The attack has since been claimed by the Islamic State group, and residents of Germany, although shaken up, are not reacting in the same manner as France and Belgium.There have been no calls for a state of emergency, and security has not been heightened in the wake of the attack.

Although the suspect has now been shot and killed, there has been criticism as to how the capture of the attacker was handled seeing as Amri was able to travel freely all the way to Italy through France without being suspected until Italian authorities approached him. The said police officers didn’t even realize that it was the Christmas market attacker they were questioning until he went for his gun.

As the publication suggests, the calmness with which the attack is being handled in Germany, despite being considered too calm to other nations and critics, has been linked to the past of Germany which once was under heavy surveillance in the times of Hitler and afterwards. Any heightened security makes citizens wary which is the prime reason, as experts state, that German authorities are not acting in a similar manner as France and Belgium had.

Chancellor Angela Merkel stated on Thursday that she was “very proud of how calmly most people reacted to the situation.”

As the AFP notes, Klaus Bouillon, the interior minister of Saarland state, learned that the aftermath in Germany would be handled much differently after he remarked that Germany was “in a state of war” following the attack, which sparked outrage and criticism, causing him to retract this statement.

“Terrorists are evil criminals, but the country is not at war,” the Sueddeutsche Zeitung’s co-editor in chief Kurt Kister hit back in an editorial.

An expert on international terrorism at Berlin’s Free University Christian Tuschhoff says that Germans are extremely sensitive to the term “war.”
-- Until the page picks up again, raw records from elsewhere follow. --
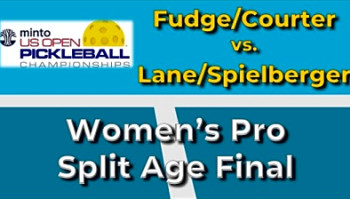 2025 US Open Pickleball Women&#039;s Split-Age Pro Gold Medal Match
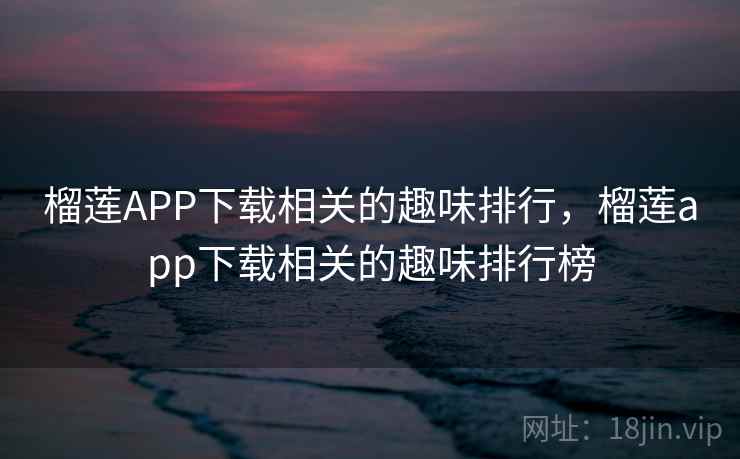 榴莲APP下载相关的趣味排行，榴莲app下载相关的趣味排行榜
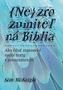 Nezrozumiteľná Biblia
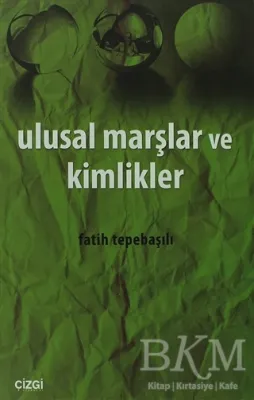 Ulusal Marşlar ve Kimlikler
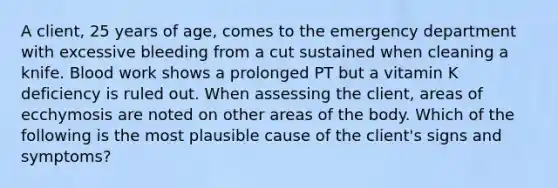 A client, 25 years of age, comes to the emergency department with excessive bleeding from a cut sustained when cleaning a knife. Blood work shows a prolonged PT but a vitamin K deficiency is ruled out. When assessing the client, areas of ecchymosis are noted on other areas of the body. Which of the following is the most plausible cause of the client's signs and symptoms?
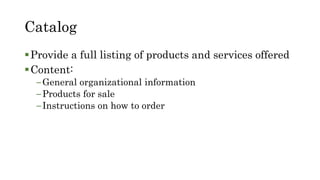 Catalog
Provide a full listing of products and services offered
Content:
–General organizational information
–Products for sale
–Instructions on how to order
 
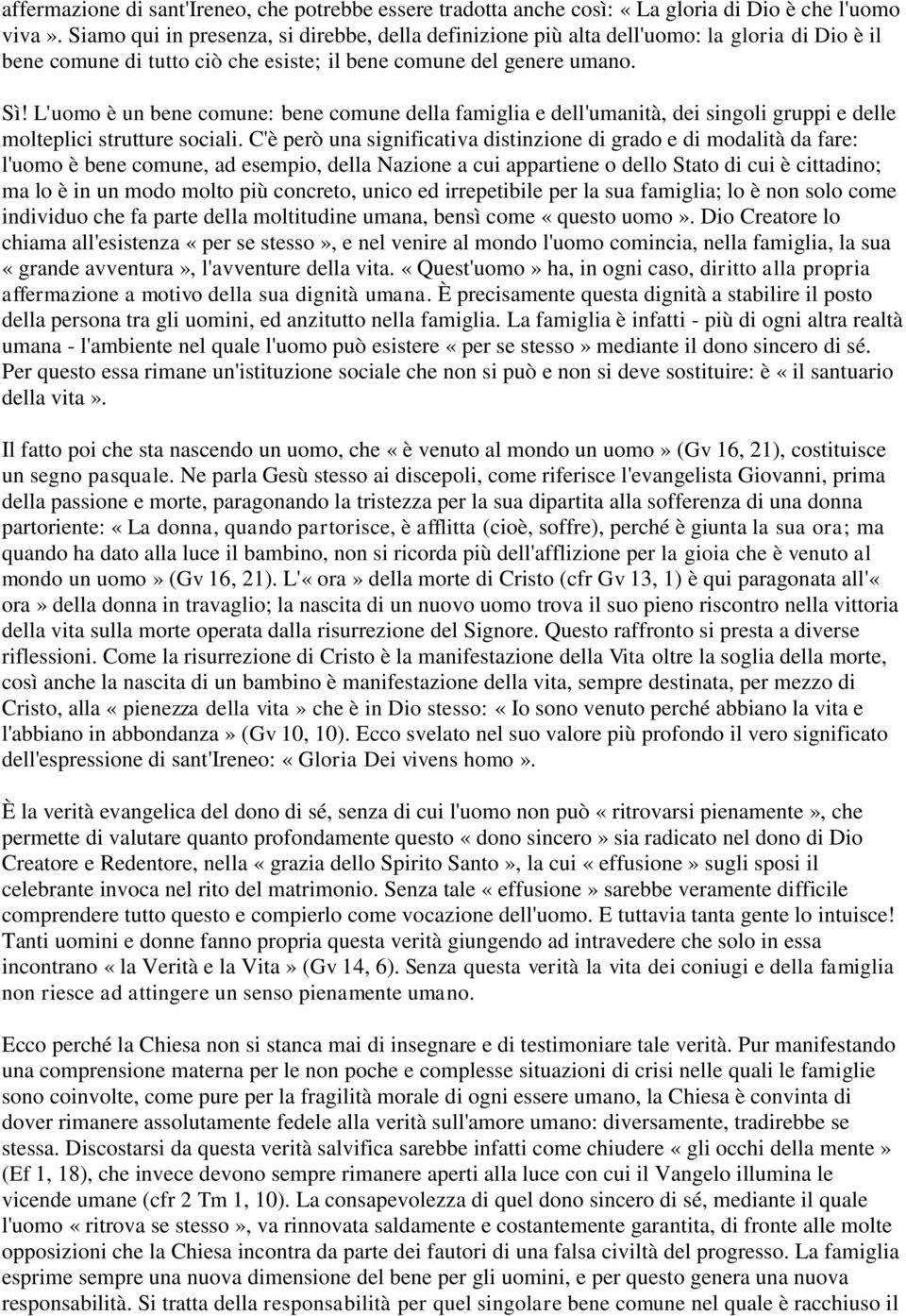 L'uomo è un bene comune: bene comune della famiglia e dell'umanità, dei singoli gruppi e delle molteplici strutture sociali.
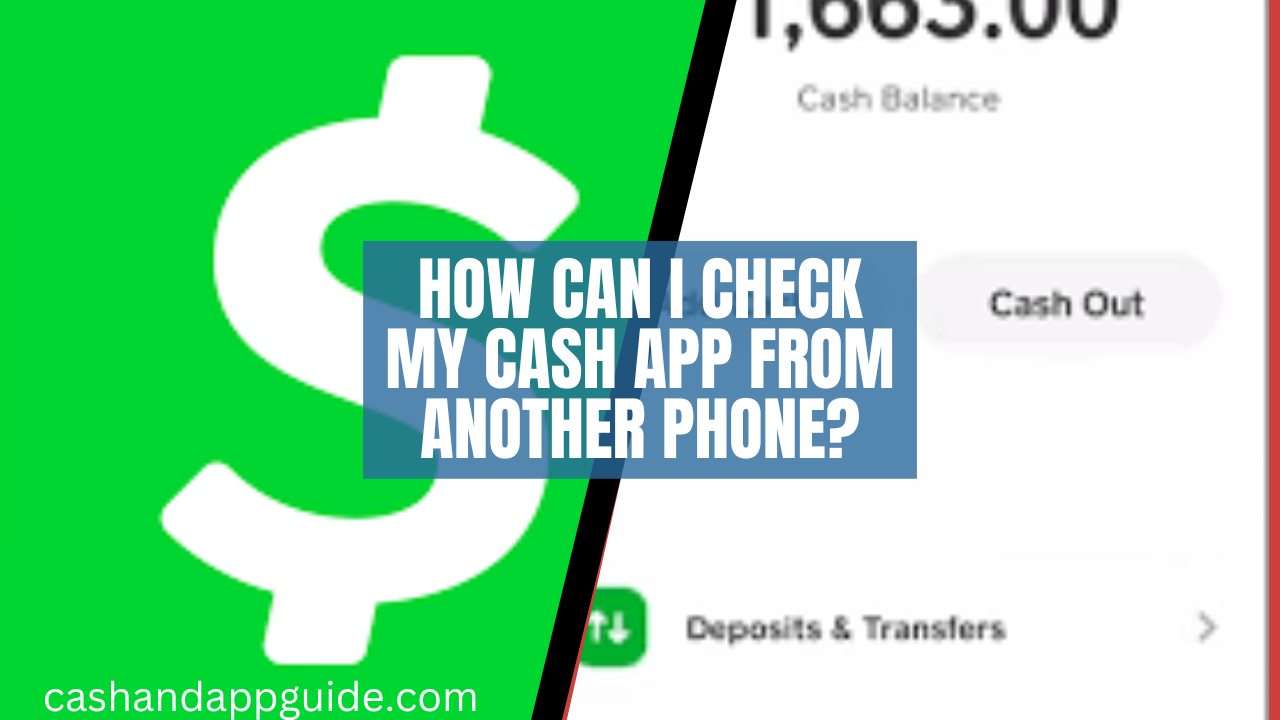 How Can I Check My Cash App from Another Phone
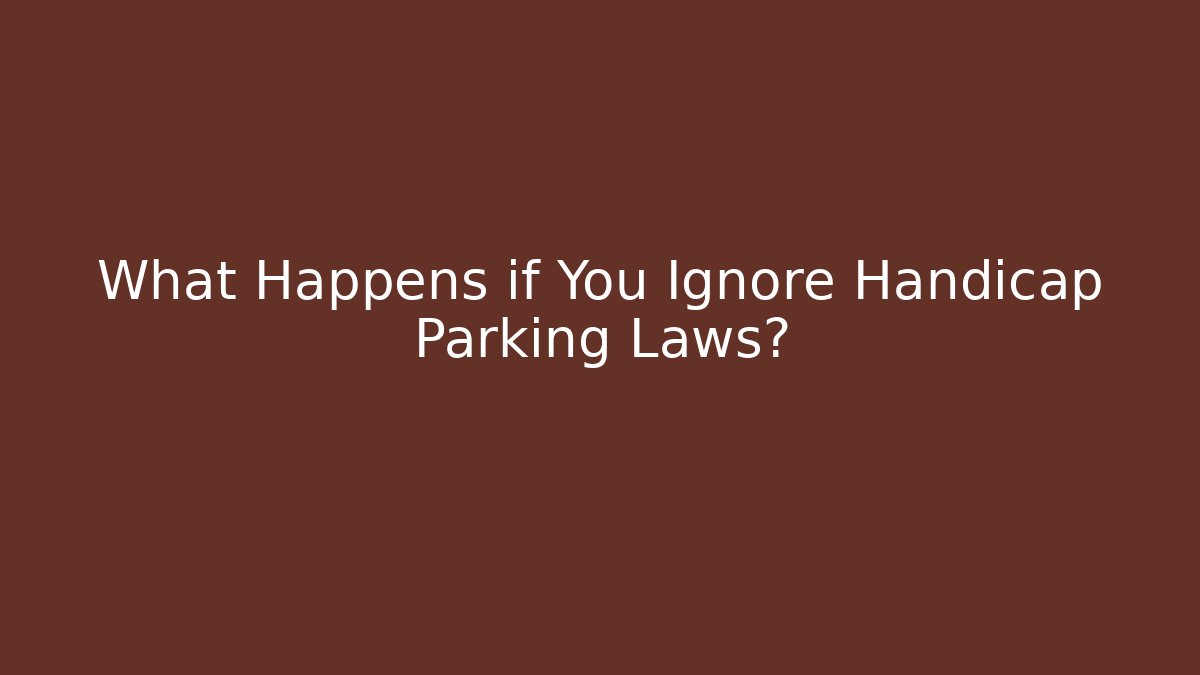 What Happens if You Ignore Handicap Parking Laws?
“Here, we associate war with a form of organised violence between states, and in several historic cases Germany was the aggressor. That’s why we are very reluctant to use war rhetoric.”

Although German authorities came under harsh criticism after seemingly allowing the Berlin attacker to slip through security, there has been no talk of heightening security measures in the nation.

Prior to the event, when the truck plowed into a crowd, the government had already made steps to heighten and strengthen security as a response to earlier smaller attacks by IS. Merkel’s cabinet on Wednesday also approved a wider use of CCTV and more bodycams for their federal police officials.

There are a noticeable number of soldiers patrolling the streets and reassuring nervous citizens, much like France and Belgium officers had after recent attacks.

As it stands, Germans seem satisfied with their current security and respect for privacy.

“If we were to secure everything, control all the entrances to public spaces, that would no longer correspond with our culture of openness,” said Berlin mayor Michael Mueller.

Although following 9/11 the United States proclaimed they were “at war,” as did France and Belgium following the more recent attacks, Germany has remained steadfast in their strategy to keep the nation calm while increasing security in a non alarming manner at borders, as well as by linking various police units and defense teams to work together.